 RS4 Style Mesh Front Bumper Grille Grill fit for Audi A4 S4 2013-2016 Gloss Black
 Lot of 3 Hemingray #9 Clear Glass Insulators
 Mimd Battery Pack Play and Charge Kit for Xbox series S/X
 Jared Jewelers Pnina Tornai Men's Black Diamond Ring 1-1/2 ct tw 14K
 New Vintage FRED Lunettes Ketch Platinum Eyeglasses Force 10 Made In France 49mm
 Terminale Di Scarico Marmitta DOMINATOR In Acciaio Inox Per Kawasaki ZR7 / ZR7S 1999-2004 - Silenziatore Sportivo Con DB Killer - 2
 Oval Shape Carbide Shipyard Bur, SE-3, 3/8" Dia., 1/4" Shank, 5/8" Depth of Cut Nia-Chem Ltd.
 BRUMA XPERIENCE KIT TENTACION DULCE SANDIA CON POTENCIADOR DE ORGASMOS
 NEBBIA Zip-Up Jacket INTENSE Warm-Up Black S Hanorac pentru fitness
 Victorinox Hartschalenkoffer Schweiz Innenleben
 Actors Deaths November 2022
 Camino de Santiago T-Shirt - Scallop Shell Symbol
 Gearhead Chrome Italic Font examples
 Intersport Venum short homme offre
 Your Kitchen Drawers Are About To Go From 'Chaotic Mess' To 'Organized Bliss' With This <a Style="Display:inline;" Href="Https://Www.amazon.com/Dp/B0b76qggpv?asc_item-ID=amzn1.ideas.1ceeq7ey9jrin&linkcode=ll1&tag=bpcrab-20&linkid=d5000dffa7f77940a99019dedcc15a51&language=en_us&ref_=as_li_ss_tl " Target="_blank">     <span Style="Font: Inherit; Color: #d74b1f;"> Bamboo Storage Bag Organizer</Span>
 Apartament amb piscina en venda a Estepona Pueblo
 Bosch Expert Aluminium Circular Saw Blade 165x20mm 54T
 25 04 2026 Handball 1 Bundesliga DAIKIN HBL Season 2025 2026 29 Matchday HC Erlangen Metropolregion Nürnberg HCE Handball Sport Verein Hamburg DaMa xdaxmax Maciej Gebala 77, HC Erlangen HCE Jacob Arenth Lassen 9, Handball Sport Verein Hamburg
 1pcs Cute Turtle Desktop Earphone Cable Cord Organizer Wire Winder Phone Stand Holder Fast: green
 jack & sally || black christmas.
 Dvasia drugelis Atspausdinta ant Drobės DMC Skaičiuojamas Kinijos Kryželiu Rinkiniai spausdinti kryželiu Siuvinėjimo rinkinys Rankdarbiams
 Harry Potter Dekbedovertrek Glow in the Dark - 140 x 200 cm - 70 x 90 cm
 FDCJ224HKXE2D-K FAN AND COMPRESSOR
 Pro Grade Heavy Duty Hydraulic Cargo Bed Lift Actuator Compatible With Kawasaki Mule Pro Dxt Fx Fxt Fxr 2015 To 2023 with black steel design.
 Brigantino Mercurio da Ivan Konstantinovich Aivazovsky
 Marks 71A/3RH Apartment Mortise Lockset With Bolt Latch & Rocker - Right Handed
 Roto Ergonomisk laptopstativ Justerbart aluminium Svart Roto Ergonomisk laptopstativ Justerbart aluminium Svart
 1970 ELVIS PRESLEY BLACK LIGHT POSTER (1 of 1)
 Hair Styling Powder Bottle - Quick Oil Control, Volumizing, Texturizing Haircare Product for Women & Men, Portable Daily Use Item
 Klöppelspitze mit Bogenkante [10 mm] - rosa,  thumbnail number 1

☆ ☆ ☆ ☆

- **WORK ORDER**: Starting at the first line of the records above, please copy each line exactly until you reach the line containing "NEBBIA Zip-Up Jacket". Include that line and stop there.

- **ANSWER SECTION**:
 RS4 Style Mesh Front Bumper Grille Grill fit for Audi A4 S4 2013-2016 Gloss Black
 Lot of 3 Hemingray #9 Clear Glass Insulators
 Mimd Battery Pack Play and Charge Kit for Xbox series S/X
 Jared Jewelers Pnina Tornai Men's Black Diamond Ring 1-1/2 ct tw 14K
 New Vintage FRED Lunettes Ketch Platinum Eyeglasses Force 10 Made In France 49mm
 Terminale Di Scarico Marmitta DOMINATOR In Acciaio Inox Per Kawasaki ZR7 / ZR7S 1999-2004 - Silenziatore Sportivo Con DB Killer - 2
 Oval Shape Carbide Shipyard Bur, SE-3, 3/8" Dia., 1/4" Shank, 5/8" Depth of Cut Nia-Chem Ltd.
 BRUMA XPERIENCE KIT TENTACION DULCE SANDIA CON POTENCIADOR DE ORGASMOS
 NEBBIA Zip-Up Jacket INTENSE Warm-Up Black S Hanorac pentru fitness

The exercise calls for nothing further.